§ **ASSIGNED TASK**
What you return must match the records word for word, except that pictures are dropped.

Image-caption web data

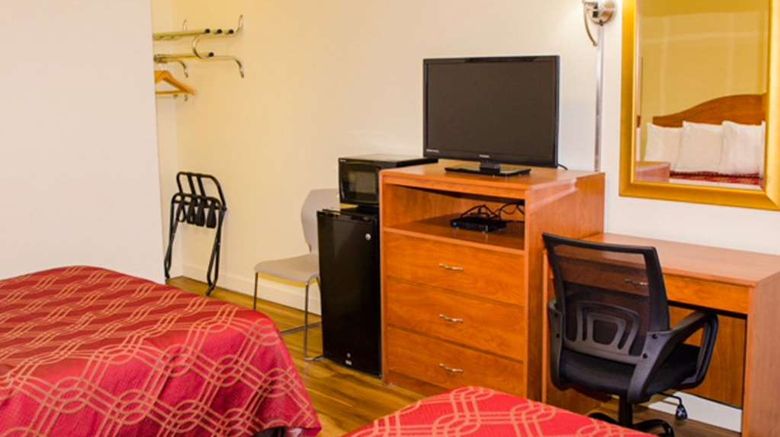 <b>Econo Lodge Albuquerque East Room</b>. Images powered by <a href="https://iceportal.shijigroup.com/" title="IcePortal" target="_blank">IcePortal</a>.
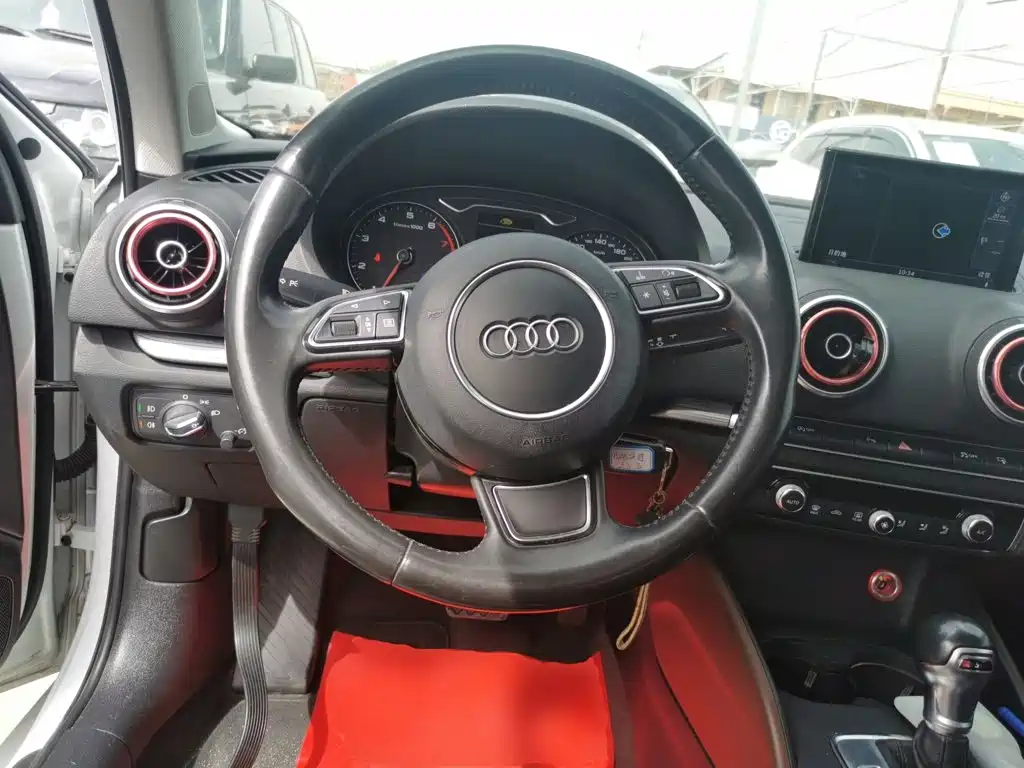 Audi A3 2015 — фото 11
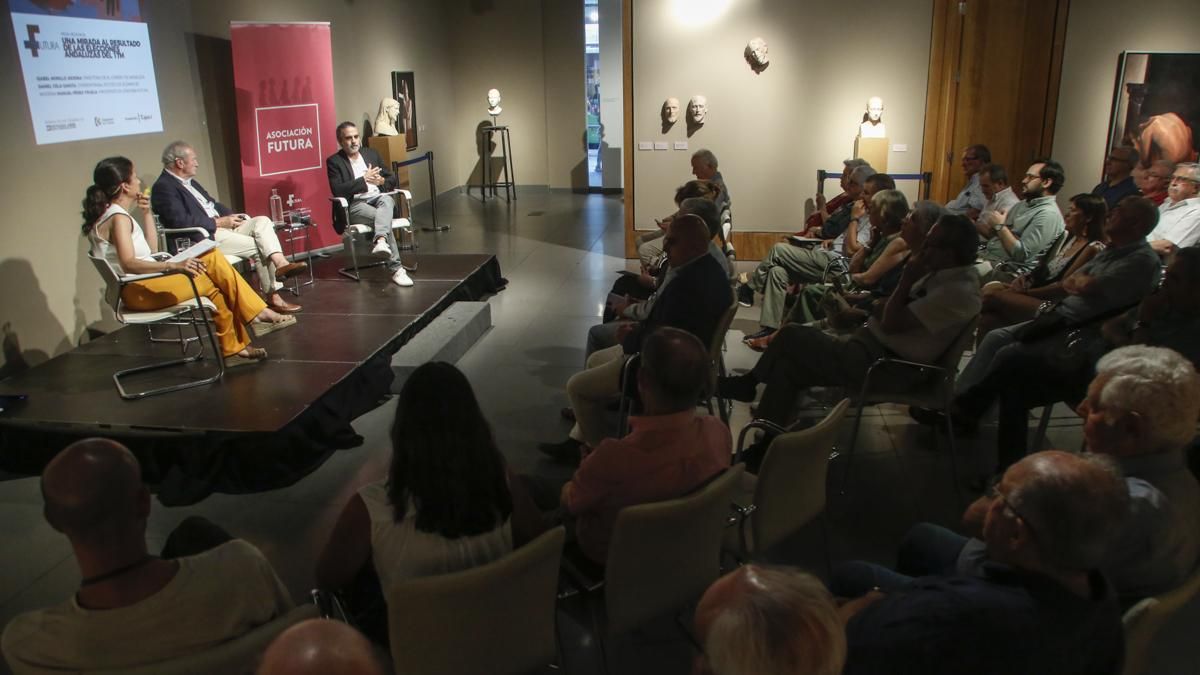 Mesa redonda 'Una mirada al resultado de las elecciones andaluzas del 17M' en la Fundación Cajasol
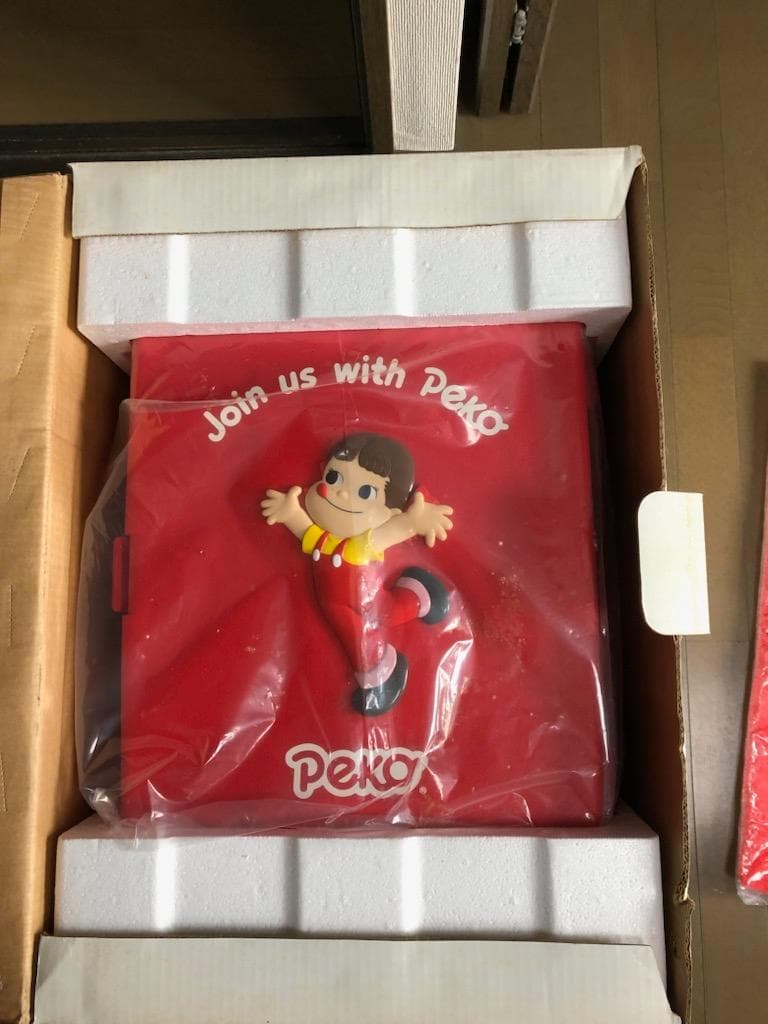 ペコちゃん 冷温蔵庫（非売品）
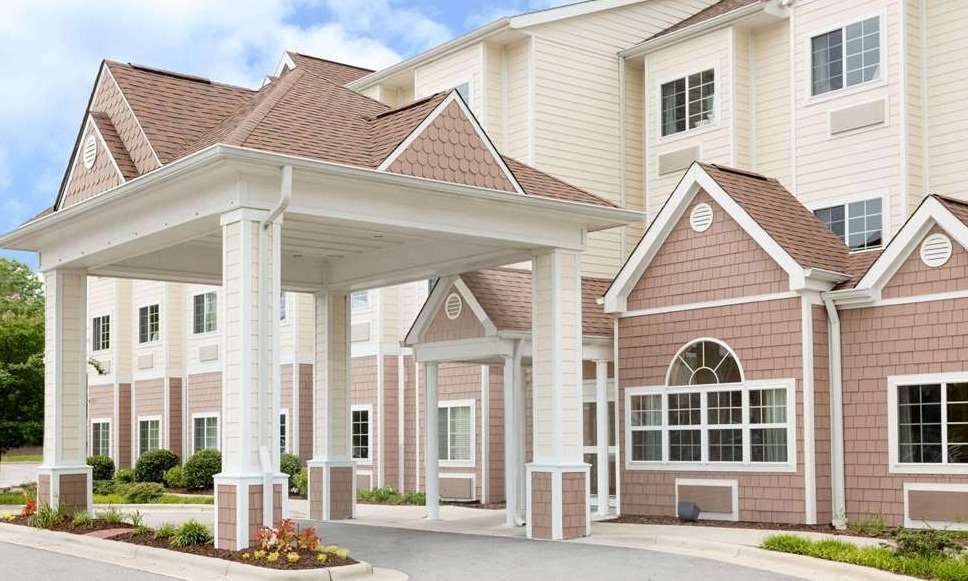 Microtel Univ Medical Park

§ **SOLVED EXERCISE**
 <b>Econo Lodge Albuquerque East Room</b>. Images powered by <a href="https://iceportal.shijigroup.com/" title="IcePortal" target="_blank">IcePortal</a>.
 Audi A3 2015 — фото 11
 Mesa redonda 'Una mirada al resultado de las elecciones andaluzas del 17M' en la Fundación Cajasol
 ペコちゃん 冷温蔵庫（非売品）
 Microtel Univ Medical Park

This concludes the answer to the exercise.